(Records for this exercise)
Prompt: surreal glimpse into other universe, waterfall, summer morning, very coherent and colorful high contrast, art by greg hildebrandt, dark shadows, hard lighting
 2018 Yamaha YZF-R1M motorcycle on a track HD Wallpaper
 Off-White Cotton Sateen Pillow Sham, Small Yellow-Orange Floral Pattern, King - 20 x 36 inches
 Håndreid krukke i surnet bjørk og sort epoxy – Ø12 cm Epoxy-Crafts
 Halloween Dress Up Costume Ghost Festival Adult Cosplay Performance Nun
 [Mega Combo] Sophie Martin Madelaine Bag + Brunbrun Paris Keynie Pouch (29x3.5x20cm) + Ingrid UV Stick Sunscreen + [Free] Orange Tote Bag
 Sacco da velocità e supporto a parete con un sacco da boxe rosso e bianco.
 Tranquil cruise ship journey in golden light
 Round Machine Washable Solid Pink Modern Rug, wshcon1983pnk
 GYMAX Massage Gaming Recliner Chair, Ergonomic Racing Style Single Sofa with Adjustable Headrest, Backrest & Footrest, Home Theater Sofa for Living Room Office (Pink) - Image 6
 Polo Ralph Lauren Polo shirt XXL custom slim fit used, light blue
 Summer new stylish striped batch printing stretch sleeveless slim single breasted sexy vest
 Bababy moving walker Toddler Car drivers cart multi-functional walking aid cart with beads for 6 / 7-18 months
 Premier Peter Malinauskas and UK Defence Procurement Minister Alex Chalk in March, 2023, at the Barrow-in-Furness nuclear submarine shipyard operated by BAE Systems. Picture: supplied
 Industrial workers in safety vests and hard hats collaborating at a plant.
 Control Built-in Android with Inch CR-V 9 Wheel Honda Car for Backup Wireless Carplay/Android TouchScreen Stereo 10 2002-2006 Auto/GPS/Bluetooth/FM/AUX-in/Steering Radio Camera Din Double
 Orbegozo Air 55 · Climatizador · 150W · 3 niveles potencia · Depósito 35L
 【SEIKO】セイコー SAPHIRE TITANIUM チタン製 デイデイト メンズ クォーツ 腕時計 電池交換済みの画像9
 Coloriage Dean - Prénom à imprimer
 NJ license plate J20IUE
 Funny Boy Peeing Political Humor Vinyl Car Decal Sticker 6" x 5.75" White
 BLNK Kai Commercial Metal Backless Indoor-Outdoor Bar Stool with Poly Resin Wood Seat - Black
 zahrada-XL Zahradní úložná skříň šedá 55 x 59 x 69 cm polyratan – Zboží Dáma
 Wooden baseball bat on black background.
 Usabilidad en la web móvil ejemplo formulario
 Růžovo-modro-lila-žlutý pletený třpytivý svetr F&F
(End Records for this exercise)
What is being asked ▸ Give back every line of the data above exactly as written.

Reply ▸
Prompt: surreal glimpse into other universe, waterfall, summer morning, very coherent and colorful high contrast, art by greg hildebrandt, dark shadows, hard lighting
 2018 Yamaha YZF-R1M motorcycle on a track HD Wallpaper
 Off-White Cotton Sateen Pillow Sham, Small Yellow-Orange Floral Pattern, King - 20 x 36 inches
 Håndreid krukke i surnet bjørk og sort epoxy – Ø12 cm Epoxy-Crafts
 Halloween Dress Up Costume Ghost Festival Adult Cosplay Performance Nun
 [Mega Combo] Sophie Martin Madelaine Bag + Brunbrun Paris Keynie Pouch (29x3.5x20cm) + Ingrid UV Stick Sunscreen + [Free] Orange Tote Bag
 Sacco da velocità e supporto a parete con un sacco da boxe rosso e bianco.
 Tranquil cruise ship journey in golden light
 Round Machine Washable Solid Pink Modern Rug, wshcon1983pnk
 GYMAX Massage Gaming Recliner Chair, Ergonomic Racing Style Single Sofa with Adjustable Headrest, Backrest & Footrest, Home Theater Sofa for Living Room Office (Pink) - Image 6
 Polo Ralph Lauren Polo shirt XXL custom slim fit used, light blue
 Summer new stylish striped batch printing stretch sleeveless slim single breasted sexy vest
 Bababy moving walker Toddler Car drivers cart multi-functional walking aid cart with beads for 6 / 7-18 months
 Premier Peter Malinauskas and UK Defence Procurement Minister Alex Chalk in March, 2023, at the Barrow-in-Furness nuclear submarine shipyard operated by BAE Systems. Picture: supplied
 Industrial workers in safety vests and hard hats collaborating at a plant.
 Control Built-in Android with Inch CR-V 9 Wheel Honda Car for Backup Wireless Carplay/Android TouchScreen Stereo 10 2002-2006 Auto/GPS/Bluetooth/FM/AUX-in/Steering Radio Camera Din Double
 Orbegozo Air 55 · Climatizador · 150W · 3 niveles potencia · Depósito 35L
 【SEIKO】セイコー SAPHIRE TITANIUM チタン製 デイデイト メンズ クォーツ 腕時計 電池交換済みの画像9
 Coloriage Dean - Prénom à imprimer
 NJ license plate J20IUE
 Funny Boy Peeing Political Humor Vinyl Car Decal Sticker 6" x 5.75" White
 BLNK Kai Commercial Metal Backless Indoor-Outdoor Bar Stool with Poly Resin Wood Seat - Black
 zahrada-XL Zahradní úložná skříň šedá 55 x 59 x 69 cm polyratan – Zboží Dáma
 Wooden baseball bat on black background.
 Usabilidad en la web móvil ejemplo formulario
 Růžovo-modro-lila-žlutý pletený třpytivý svetr F&F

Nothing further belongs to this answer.